RECORDS FOR THIS EXERCISE —
- Opening Delimiter -
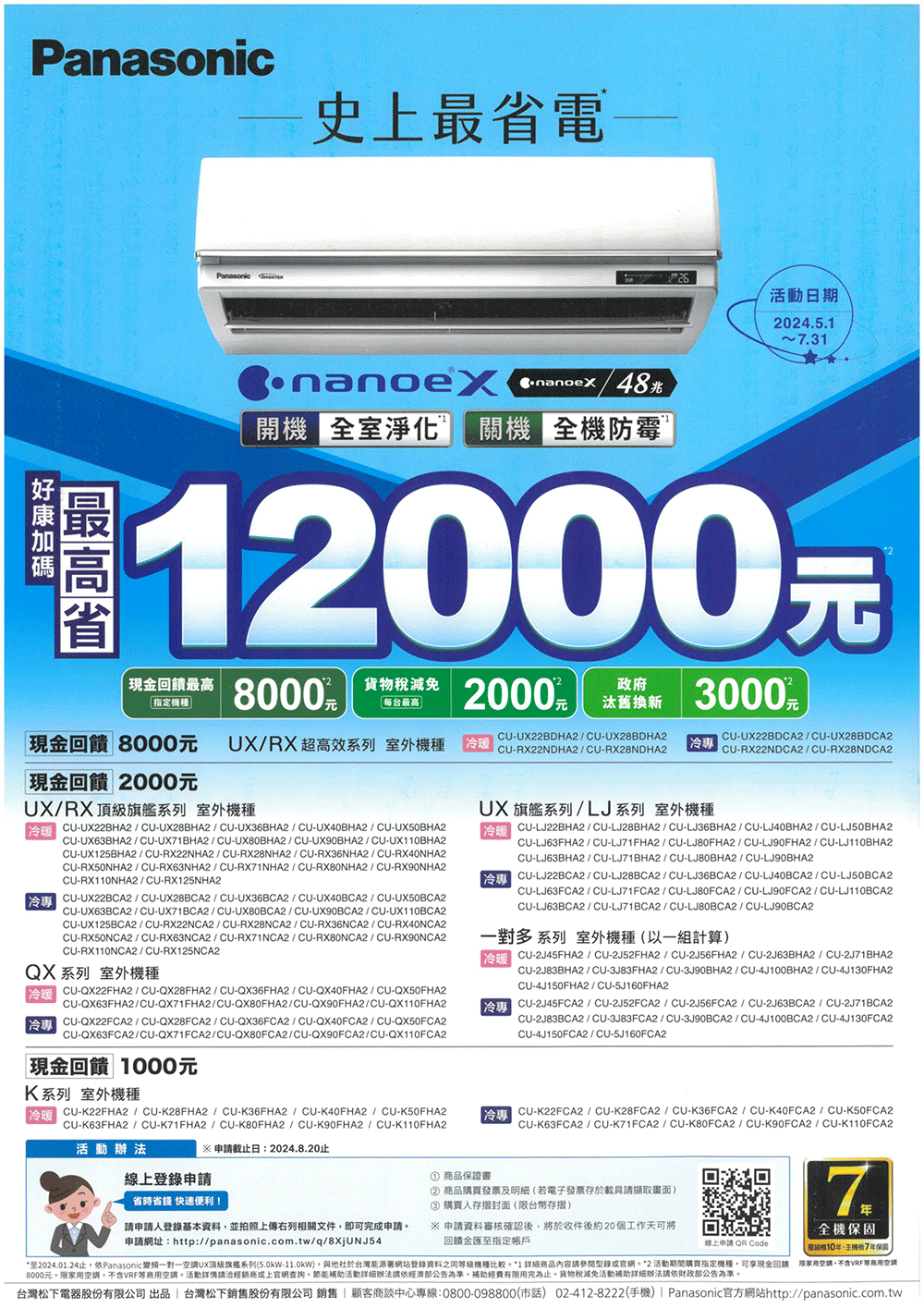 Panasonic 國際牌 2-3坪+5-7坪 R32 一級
- Closing Delimiter -
- Opening Delimiter -
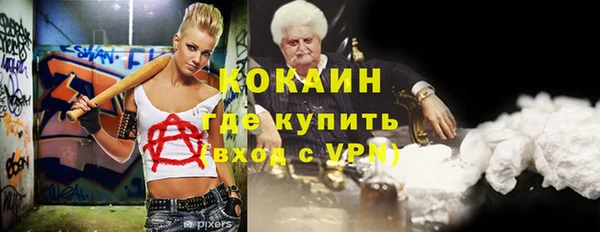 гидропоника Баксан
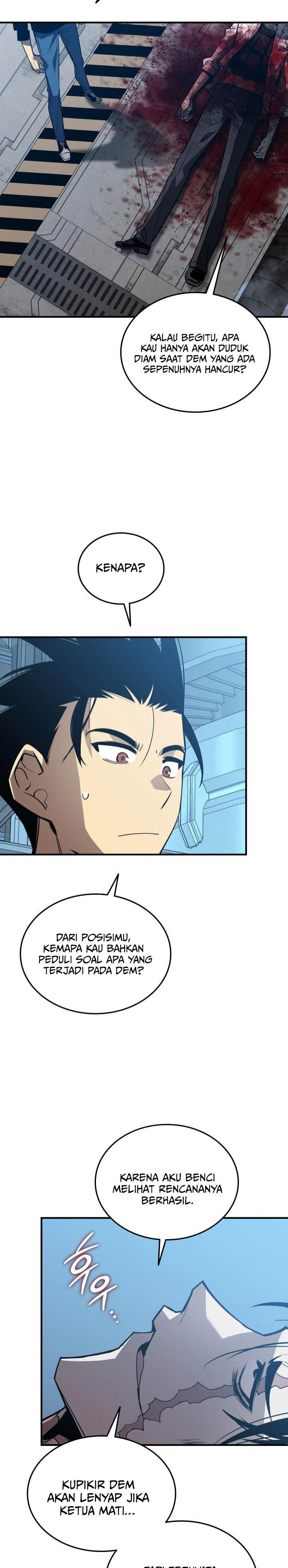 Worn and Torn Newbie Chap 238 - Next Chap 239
- Closing Delimiter -
- Opening Delimiter -
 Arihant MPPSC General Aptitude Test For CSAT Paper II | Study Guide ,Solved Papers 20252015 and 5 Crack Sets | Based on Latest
- Closing Delimiter -
YOUR ASSIGNMENT — Repeat exactly the stretch of the listing above that starts with the line holding "гидропоника Баксан" and finishes with the line holding "Worn and Torn", both included. Skip every picture.

RESPONSE AREA —
 гидропоника Баксан
 Worn and Torn Newbie Chap 238 - Next Chap 239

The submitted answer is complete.